A Madrid, Xi Jinping a assuré hier mercredi que la Chine allait « faciliter l’accès au marché chinois » et « renforcer la protection de la propriété intellectuelle ». Cette déclaration est un message plus largement adressée aux pays membres de l’Union européenne.

Si l’Espagne et le Portugal sont plus accueillants, avec des investissements chinois plus importants en pourcentage par raport au PIB qu’en Angleterre et en Allemagne par exemple, la France, l’Allemagne et l’Italie réclament de longue date une législation européenne permettant de filtrer certaines opérations d’investissement. Elles s’inquiètent de voir des groupes étrangers, surtout chinois, s’offrir à moindre coût et de manière qu’elles jugent déloyale une expertise et des technologies en rachetant leurs entreprises.

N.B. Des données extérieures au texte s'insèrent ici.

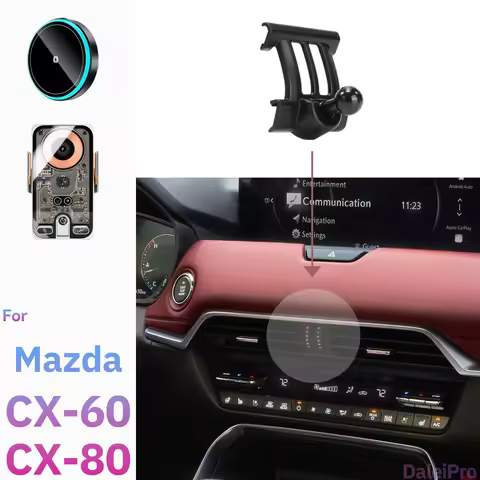 For Mazda CX60 CX80 CX-60 CX-80 Car Phone Holder Wireless Charger Magsafe Holder Auto Clamping Stron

La Chine se retrouve à se battre pour maintenir ses relations dans un contexte compliqué pour elle. Les Etats-Unis frappent déjà 250 milliaardss de dollars de produits chinois de taxes douanières et menacent également d’imposer les 267 milliards de dollars d’importations restantes si aucun accord n’est trouvé avec Pékin. Et en décembre, les Etats membres de l’Union européenne se prononceront sur un dispositif de contrôle des investissements étrangers, surtout chinois, pour protéger des secteurs clés comme l’énergie.